EXERCISE DATA:
== == ==
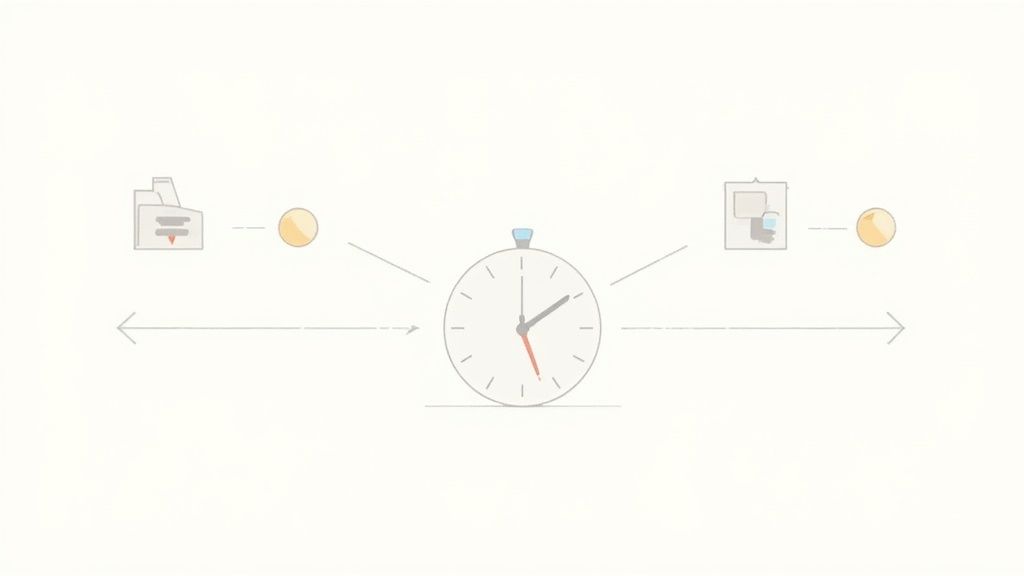 A timeline with a central stopwatch, showing a process from an input icon to a screen output, symbolizing time management.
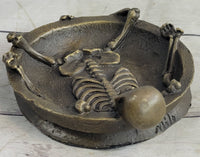 Bronze Skeleton Ashtray Sculpture Gothic Collectible Art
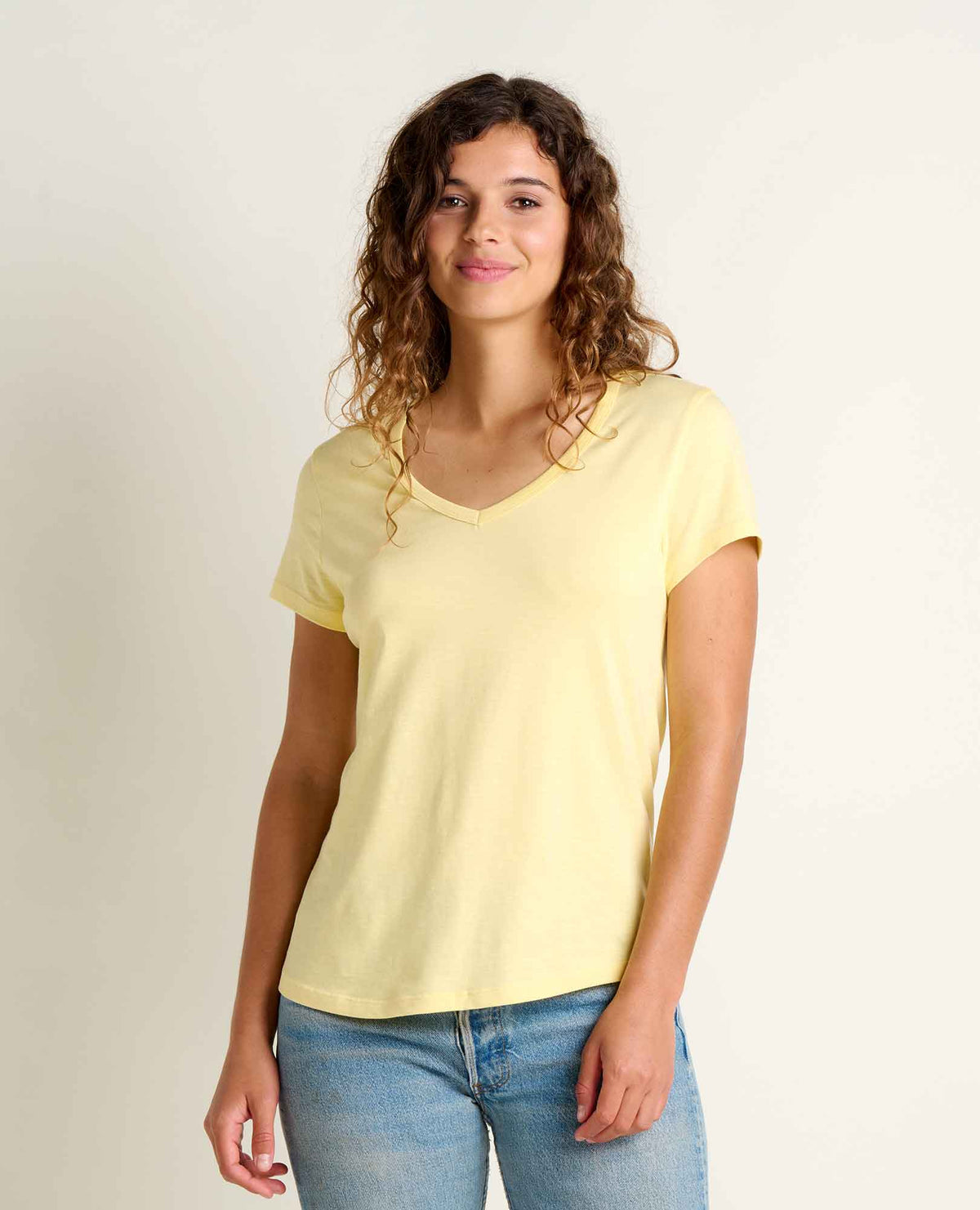 Toad & Co. Marley II Short Sleeve V Neck Tee — Heather gray, for everyday wear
== == ==
WHAT THE TASK ASKS:
Exactly the lines from the line with "Bronze Skeleton Ashtray" through the last line of the listing, both included, should be extracted, and the pictures left behind.

EXPECTED ANSWER:
 Bronze Skeleton Ashtray Sculpture Gothic Collectible Art
 Toad & Co. Marley II Short Sleeve V Neck Tee — Heather gray, for everyday wear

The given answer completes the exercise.